Flávio Bolsonaro contava com duas liminares para suspender a apuração da suspeita de “rachadinha” nos salários de seu gabinete quando ele era deputado estadual no Rio: a primeira dada em julho pelo presidente do STF, Dias Toffoli, e depois em setembro pelo ministro Gilmar Mendes, após a defesa do parlamentar alegar que o MP do Rio não havia cumprido a determinação do Supremo e continuava investigar ele. Essas decisões podem perder a validade com a decisão do Supremo desta quinta.
O julgamento teve como pano de fundo críticas feitas a atuação desses órgãos de controle por ministros da corte e pelo próprio Jair Bolsonaro. Ele chegou a falar em “devassa fiscal” feita pela Receita contra familiares.

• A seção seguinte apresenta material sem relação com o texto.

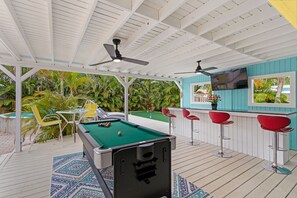 A pool table in a covered outdoor area with a ceiling fan, a bar area with red stools, and a TV screen. - Private Pool, Bar, Putt Green, Jet Tub, King Bed, quiet town 5min drive to beach (Pompano Beach)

Toffoli informou que no início da sessão da quarta-feira da próxima semana fará a proclamação do resultado, com a fixação da tese jurídica vencedora.
Especialistas alertavam para o fato de que uma eventual restrição ao compartilhamento de informações no chamado “caso Coaf” poderia repercutir internacionalmente na avaliação do Brasil em termos de atuação na prevenção e no combate à corrupção, podendo prejudicar até a participação e o pleito do Brasil em organismos internacionais.
ACESSO
A maioria dos ministros do STF concordou em aceitar o recurso do MPF que questionava uma decisão anterior que havia anulado uma ação penal contra donos de postos de combustíveis que questionam o fato de a Receita ter repassado a procuradores, sem autorização judicial, dados bancários.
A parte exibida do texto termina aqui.